Greer, Andrew Sean - Less (3)Less

by Andrew Sean Greer

Normally, I am not drawn to comedic novels, but Less had so many good reviews and the Pulitzer Prize to recommend it, so I put it on my reading list. I’m glad that I put my preconceptions aside to read it. Not only was it funny, clever, and charming, it was emotionally affecting.

When Arthur Less, a forty-nine (not yet fifty, thank you very much) minor novelist receives a wedding invitation for his former lover, Freddy’s wedding, he knows attending the ceremony would be too painful and humiliating; not attending would be just as bad. His solution: accept every literary event invitation he’s received, cobbling together an around-the-world itinerary that will take him away from San Francisco for several months.

The ingenious structure allows Less to encounter myriad settings and characters so we see him interact in different contexts. (Of course, the downside is that interesting characters make only a brief appearance, but isn’t that like life?) Many of these settings are literary events, such as an award ceremony, and much has been made of Greer’s parody of this milieu. Less’ name itself provides Greer ample opportunity to play on the meaning of the surname and reflect on feelings of anxiety and literally feeling less than others around him. Less’ novel-within-a-novel, Swift, and it’s changing focus parallels Less’ own journey.
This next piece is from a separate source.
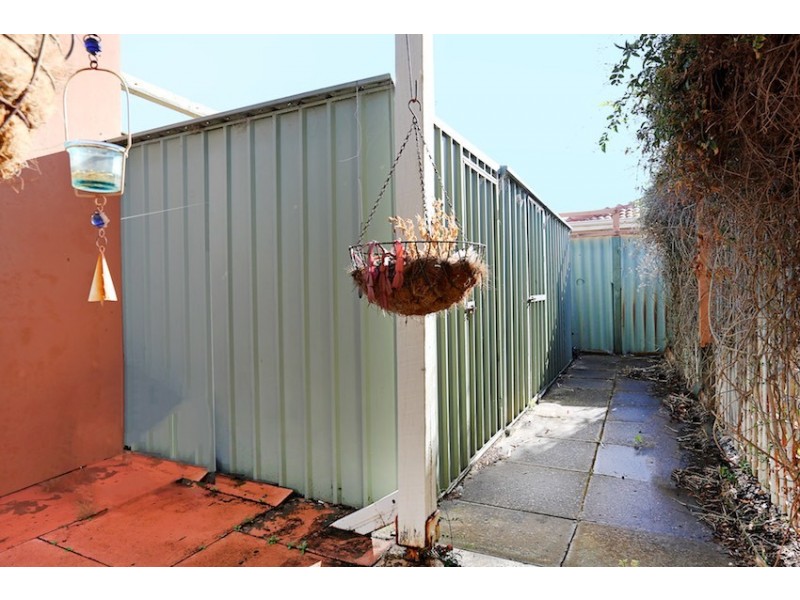 9 Curlew Street, Dudley Park WA 6210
Early in the novel, I was struck by its humor of the absurd when Arthur Less’ guides take him to the Pyramid of the Sun and Pyramid of the Moon. One of the guides, Fernando, tells Less about everything he must see in Mexico City, yet, every site is closed for renovations, to mount a new exhibit, or simply because it was Monday. Another very funny aspect was Less’ unshakable belief he was fluent in German, skilled enough to teach a five-week class in German in Berlin. Less is absolutely not fluent in German.

Yet, the novel at times unveils truths that are gut-wrenching, though Greer always presents these moments subtly and without pedantry. For example, Less, considering his upcoming fiftieth birthday, thinks that he has no gay role models for growing older. The generation before his never had the change to age as they were struck down by AIDS. In another moment, in India, Less, slightly irritated, wonders why so many people picnic on the grounds of the Christian retreat center where he booked himself without realizing the “brand,” is told that nowhere else is safe for the Christians to congregate. (He then castigates himself for being an asshole.)

So, in a sense, calling the novel comedic does it a disservice, insofar as comedic novels are viewed as frivolous and empty. Less is divinely funny but certainly not frivolous or empty. It is a satisfying read addressing serious issues that will make you laugh out loud.